Oh the humor. That is what I want to write about this morning in early April.
My friend, the one with the house open enough for three deliciously loud, funny, conversation-loving women, has a husband also open enough to welcome we three into his house. He’s a great guy, smart, funny, pleasant to look at and pleasant to have around. He can converse at length on a variety of subjects because his interests and his intellect are far ranging.
He is the welcoming sort. He can make a kick-in-the-ass Sazerac as well as the best margarita I have ever had the pleasure of gulping down as if I were dying of tequila thirst. And he cooks! When we weren’t out eating pizzas topped with mounds of fried kale, this lovely man cooked for us. For breakfast, we dined on folded omelets of sautéed carrots and greens. When we returned home from the plays, he shook up each margarita with precision and served truffle almonds one night and cashews he roasted himself with curry and pepper the next.
Oh cashews. I can’t eat them. They are too rich for my stomach, so usually I pass the bowl when it’s filled with cashews. But these cashews were different. They were savory. They were peppery. They were buttery; not buttery like a cashew, but buttery like a cashew roasted in butter. They were ridiculously, stupidly delicious. Oh, how we loved our dear friend’s husband’s nuts.
And this became a refrain. Oh my, we exclaimed to our friend, your husband has the most delectable nuts, the best nuts, nuts unlike all other nuts. Our friend was so lucky to have a husband with such lovely, salty, tasty nuts. Our friend loved how much we loved her husband’s nuts; after all, the nuts were hers. She could share them, but once we left, she would again be the sole proprietor of those delicious nuts. Oh we were bawdy and generous as we complimented that nice man’s nuts.
It was funny. It was fun, after all, what man doesn’t love having the deliciousness of his nuts bandied about by four (our friend joined in also) attractive, creative, and clever women?
After a good 24 hours of nut jokes, our friend’s husband mused:
What if three of my friends were here, and my wife cooked for us all weekend, and we commented about how delightful she was and how good she looked and finally that we all wanted more of her peaches. That my wife has the best peaches, the most succulent and moist peaches of all time? Would that be any different?
Okay, to be honest, we had been talking about women in literature all weekend too. I had been ranting and raving about the Annie Dillard comment in Poets and Writers. The one where she admitted that she didn’t read many women writers because she didn’t like to do what she was supposed to do, so our friend’s husband wasn’t just commenting on the nut jokes, he was extending our conversation to the kitchen table.
We stopped talking and wondered, too. No, it probably wouldn’t have been okay if our friend’s husband and a group of men objectified our lovely friend all weekend. In fact, it would have been grossly misogynistic. Right? At least-cringeworthy.
The cashews did indeed make me sick. So sick that I pooped my way across three states to get home. God help the poor people in those rest areas.
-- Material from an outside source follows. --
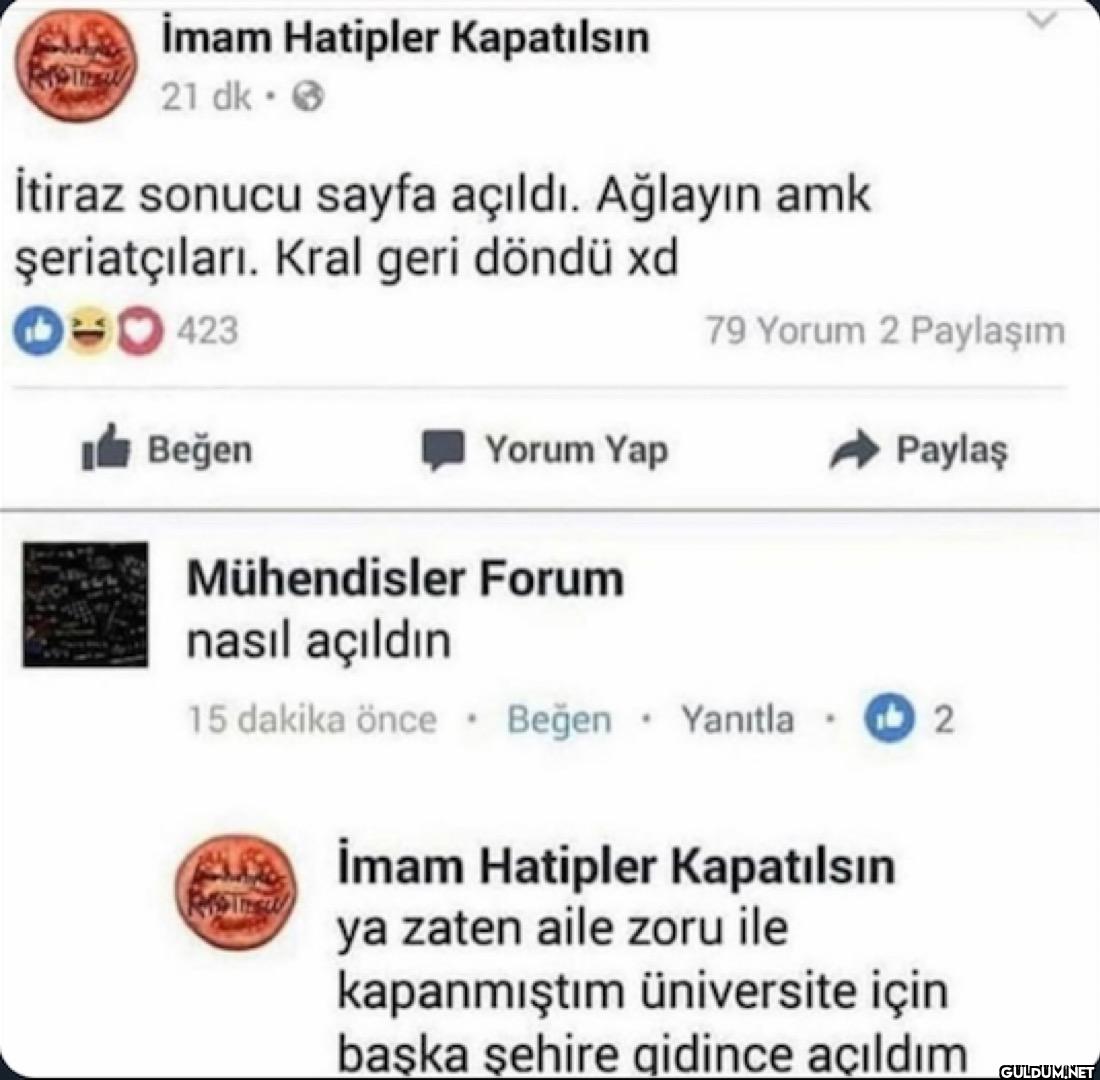 A İmam Hatipler Kapatılsın...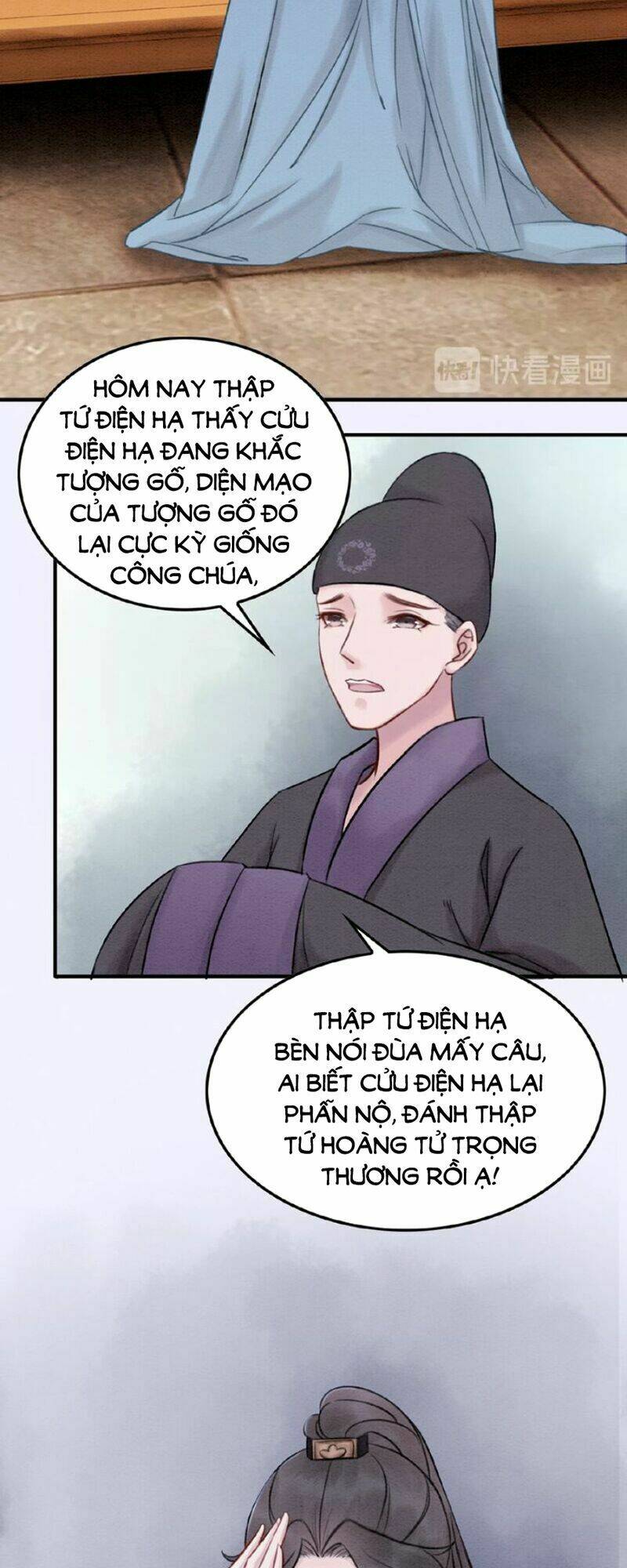 trọng sinh bá sủng nhiếp chính vương quá mạnh mẽ chapter 18 21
Cashews, even delicious ones, do not sit well on my stomach.
The question posed by my friend’s husband sits funny on my stomach still. There is certainly a difference between the objectification of women and the objectification of men, and the undeniable fact of sexual violence against women in our and in all cultures. Was our joking, then, satirical? Was it a comment on the practice enjoyed by men for centuries? Or was it less subversive? Was it a bunch of women playing like boys?
To be clear, my friend’s husband played along with our banter, but his provocative questions will not leave me alone. There is a difference when this sort of joking happens among good friends in a safe environment than when it occurs out in the world where safety and boundaries are much less distinct. Could the safe environment we created in that warm open house confer the same okay for a no-holds-barred sexual objectification of a good female friend to a group of men? I don’t think so; at least I hope not.
And this continues to interest and trouble me.